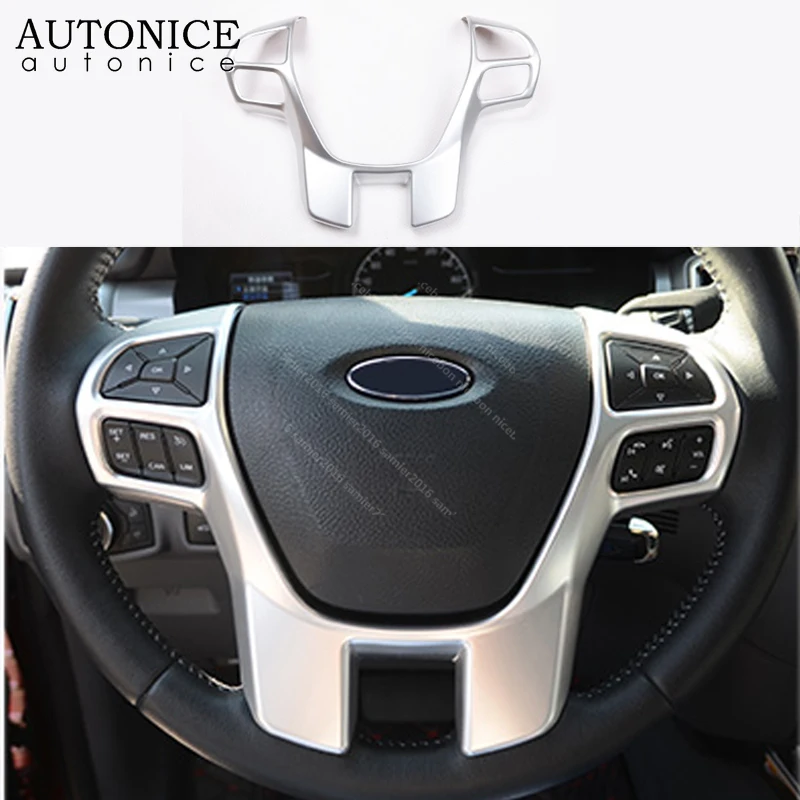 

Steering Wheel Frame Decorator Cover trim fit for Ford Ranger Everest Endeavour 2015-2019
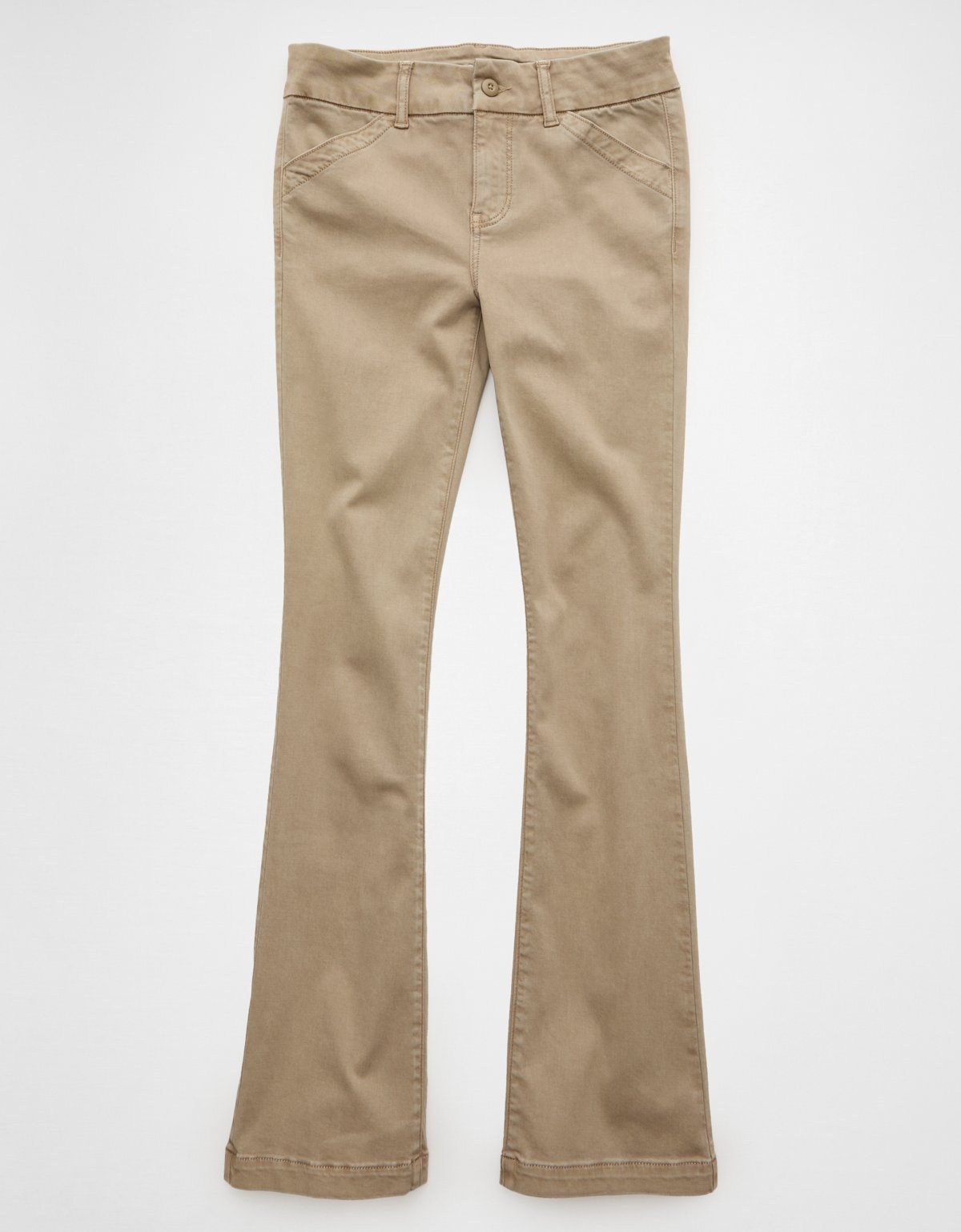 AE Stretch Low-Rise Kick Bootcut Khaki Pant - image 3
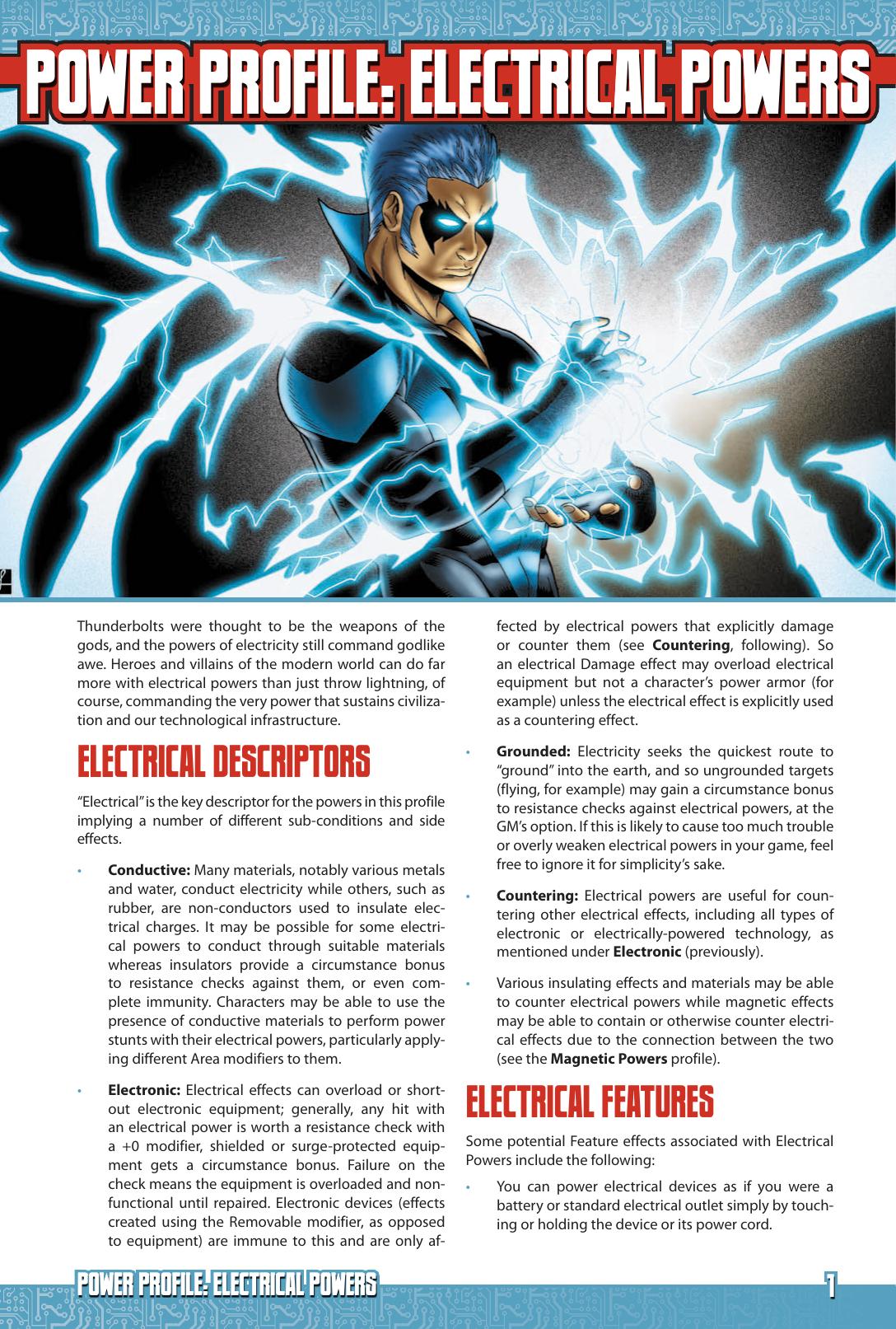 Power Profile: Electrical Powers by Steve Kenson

» **What is needed**
Copy out the material above exactly; the images stay out.

» **Answer to the problem**
Steering Wheel Frame Decorator Cover trim fit for Ford Ranger Everest Endeavour 2015-2019
 AE Stretch Low-Rise Kick Bootcut Khaki Pant - image 3
 Power Profile: Electrical Powers by Steve Kenson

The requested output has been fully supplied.